[[ DATA LISTING, beginning ]]

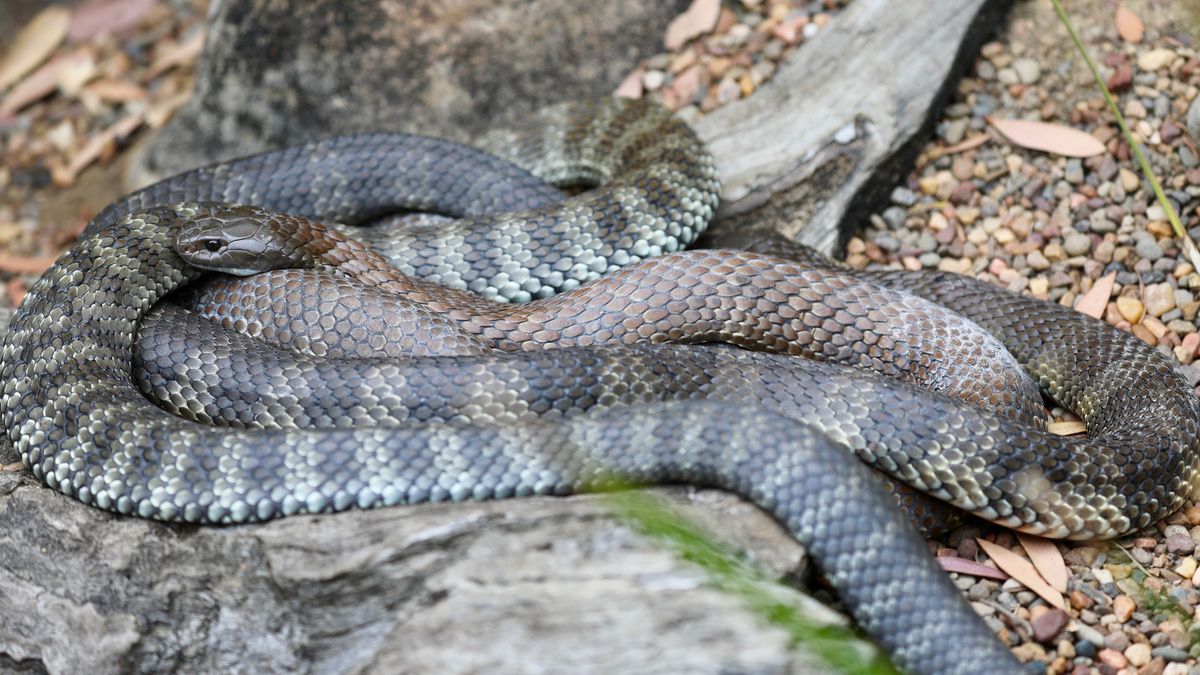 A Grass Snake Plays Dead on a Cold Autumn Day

[[ DATA LISTING, end ]]
[[ DATA LISTING, beginning ]]

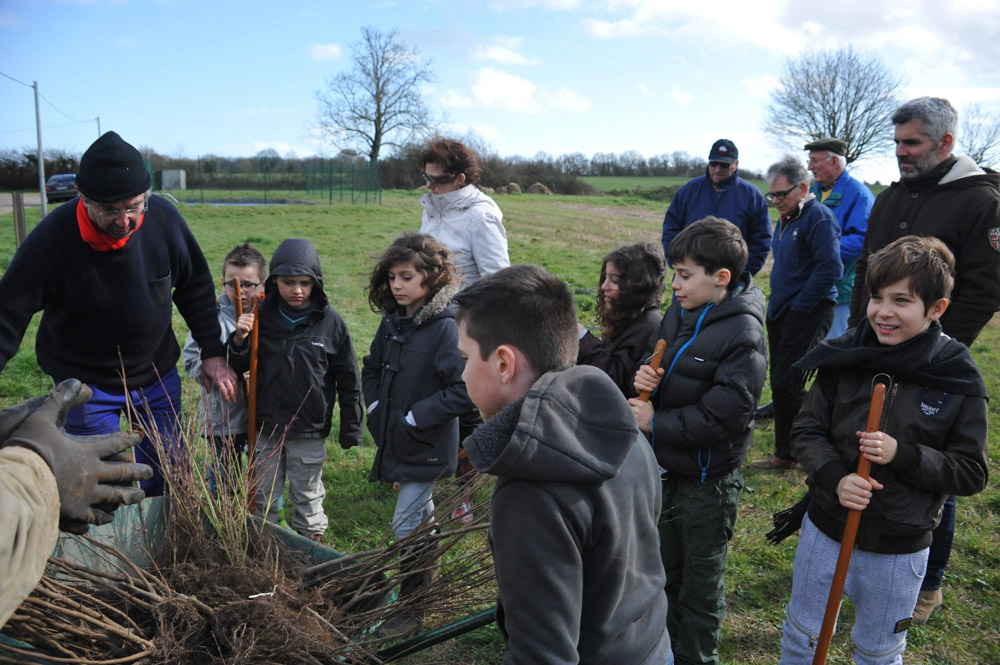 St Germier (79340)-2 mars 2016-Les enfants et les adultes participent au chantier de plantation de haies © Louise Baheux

[[ DATA LISTING, end ]]
[[ DATA LISTING, beginning ]]

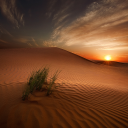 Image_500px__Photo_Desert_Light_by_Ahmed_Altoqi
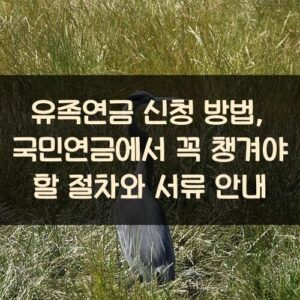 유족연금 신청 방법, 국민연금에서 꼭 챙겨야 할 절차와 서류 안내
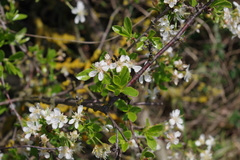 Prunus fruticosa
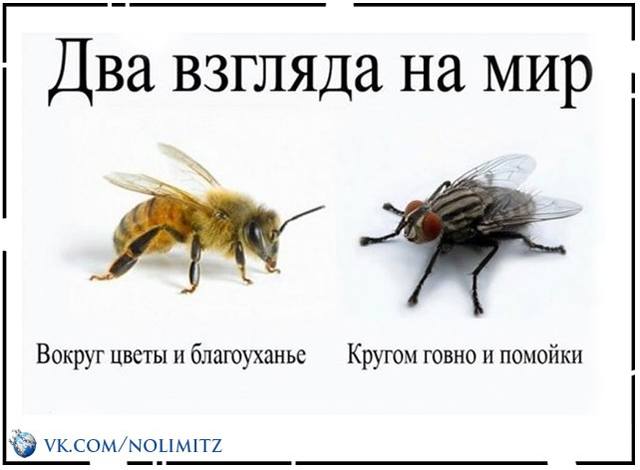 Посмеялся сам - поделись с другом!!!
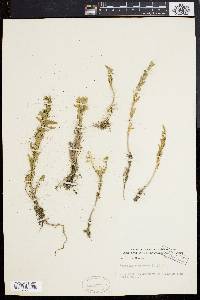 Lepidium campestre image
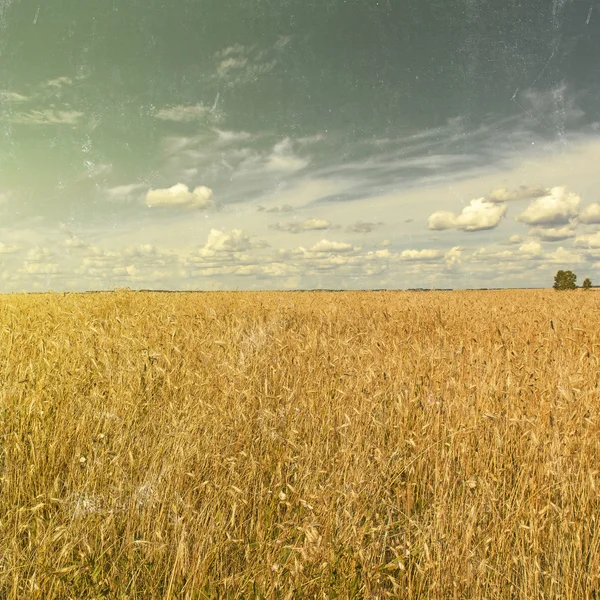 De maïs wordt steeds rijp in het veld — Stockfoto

[[ DATA LISTING, end ]]

**TRY IT**
Among the entries above, locate the line with "Image_500px__Photo_Desert_Light_by_Ahmed_Altoqi" and the line with "De maïs wordt". Give those two lines and all lines between them again, exactly, leaving out the pictures.

**TASK RESPONSE**
 Image_500px__Photo_Desert_Light_by_Ahmed_Altoqi
 유족연금 신청 방법, 국민연금에서 꼭 챙겨야 할 절차와 서류 안내
 Prunus fruticosa
 Посмеялся сам - поделись с другом!!!
 Lepidium campestre image
 De maïs wordt steeds rijp in het veld — Stockfoto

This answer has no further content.